Consumers can also do independent research to identify their pets’ needs at different stages in life.

“If a pet is [predisposed] to skin allergies or currently suffers from skin issues, selecting a fish oil containing borage oil is essential to the health of a pet’s skin,” said Ted Hayes, president and owner of Life Line Pet Nutrition, a Gig Harbor, Wash.-based manufacturer . “In contrast, if a pet parent has a puppy or pregnant pet, selecting an oil with the highest concentration of DHA will best support the brain development in those animals.”

Specifically for retailers, Grandma Lucy’s offers a Learning Module Software (LMS) with classes on different products, said Brian Butler, vice president of sales and marketing for the Santa Margarita, Calif.-based manufacturer of made in the USA pet products.

“At Grandma Lucy’s, we work really hard to educate our independent retailers and give them the opportunity to serve their community,” Butler said. “Our hope is that retailers use our resources to educate themselves on our offerings to learn what would work best for their location and meet the needs of their customers. We are proud to have outside sales representatives throughout the nation who can consult retailers on a local level.”

It’s important to note that selling supplements is all about establishing trust, Baca-Lobre said.

“Shoppers are drawn to products from brands whose missions align with their very own,” Baca-Lobre said. “When a brand cares as much about the health, happiness and safety of their pets as they do, pet parents feel more confident purchasing their products.”

All-in-one soft chew supplements are a preferred first choice and easy to add into pets’ established diets, said Addie Schuhle, owner of Pet Food Depot, a pet supplies retailer in Phoenix. Her store carries a large selection of natural supplements and has at least one product for most ailments.

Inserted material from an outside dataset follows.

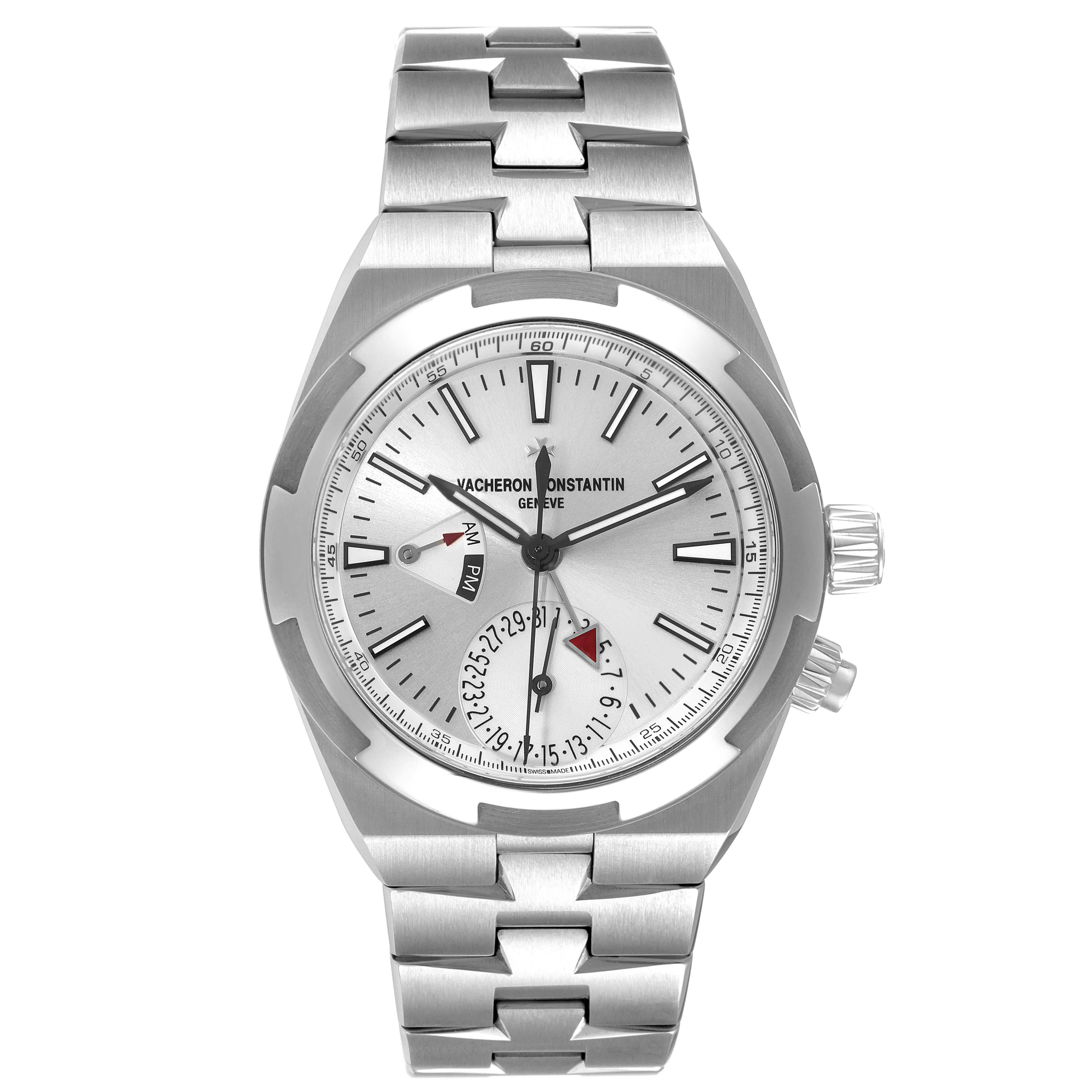 The image shows a frontal view of the Vacheron Constantin Overseas 7900V/110A-B333 Men's Stainless Steel Silver Dial 7900V/110A-B333 Men's Stainless Steel Silver Dial watch, displaying its face, bezel, and bracelet.
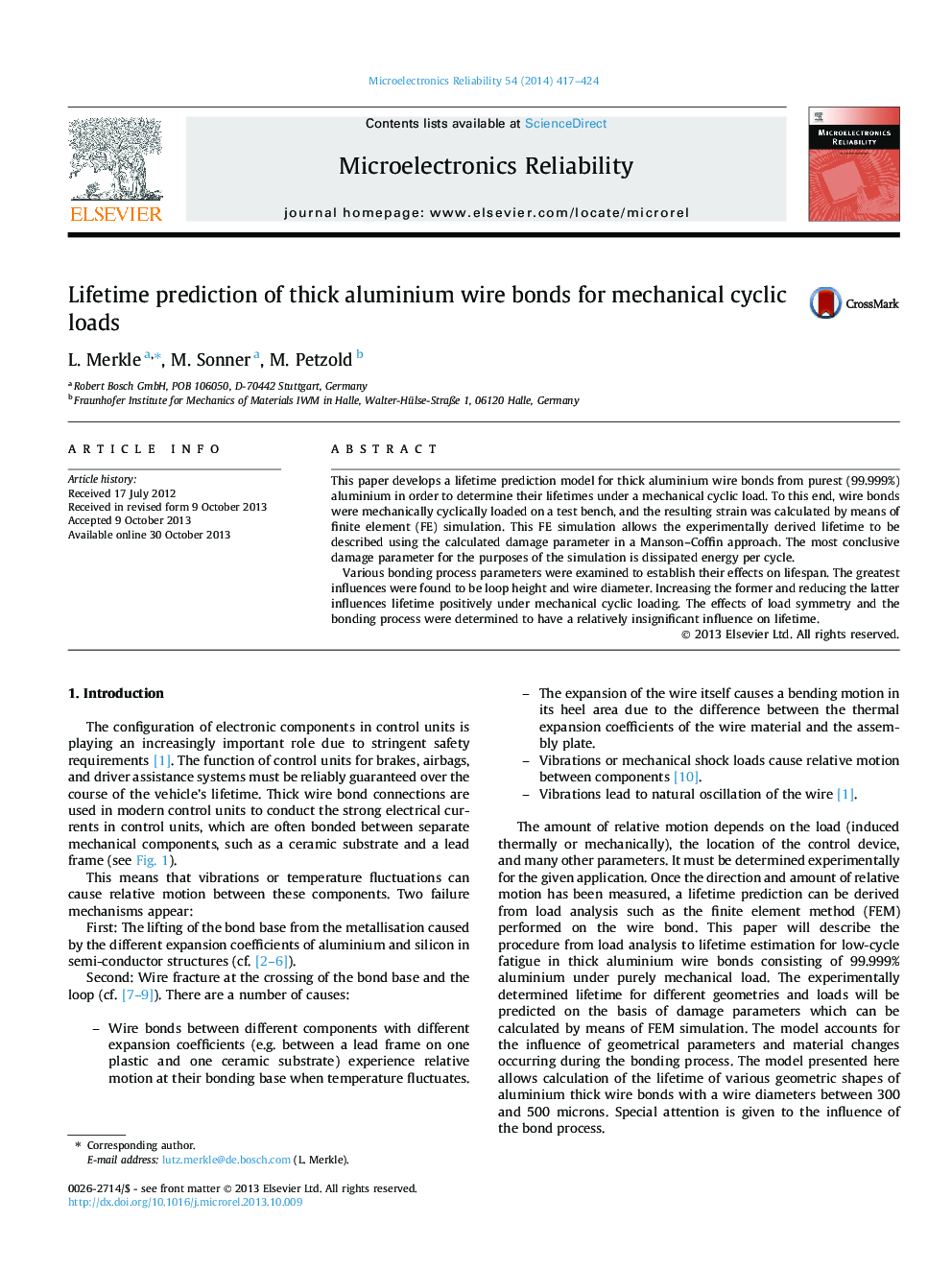 Lifetime prediction of thick aluminium wire bonds for mechanical cyclic loads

“NaturVet, Natural Dog Co., Diggin’ Your Dog and Pet Releaf are some of the brands we have on hand,” Schuhle said. “We try to minimize options by only carrying NaturVet as a complete line. We help educate customers on their pets’ foods by recommending online research. Brochures and signage from manufacturers also help us provide on-hand information.”


TradeTalk







Grizzly_OmegaLogo-.jpg

Joe McIver, brand director at Whitebridge Pet Brands in St. Louis

Human trends often influence new product development in the pet food category. Are there similarities in the pet supplement category? What goes into creating new supplements at Whitebridge, and what’s new from the company?

Just as with food, the pet supplement category is influenced by trends in the human market. Pet parents want their dogs and cats to enjoy the same health and wellness benefits that they themselves derive from supplements, and in many cases, the proven actives in human products are also effective in pets.

Omega-3 and -6 fatty acids are a good example. At Grizzly, we focus on omega, which are vital to many aspects of both humans’ and pets’ health, including boosting the immune, cardiovascular and nervous systems, and supporting strong joints and skin and coat health. We also offer joint health supplements, another popular human category. Our Joint Aid Liquid contains five active ingredients that work together to promote joint health: glucosamine, chondroitin, MSM (methyl sulfonyl methane), hyaluronic acid and wild Antarctic krill oil.

Apart from its products, our company is strongly aligned with another of today’s human trends: sustainability. Grizzly’s Omega fish oils use 100 percent wild-caught fish, a more ecologically sustainable sourcing practice than farming, which releases waste and chemicals into the ocean and surrounding environment. We also utilize the whole fish nose-to-tail, all parts not designated for human consumption, to minimize waste. Our commitment to sustainability and minimizing our environmental impact is what ultimately drives our product development and production.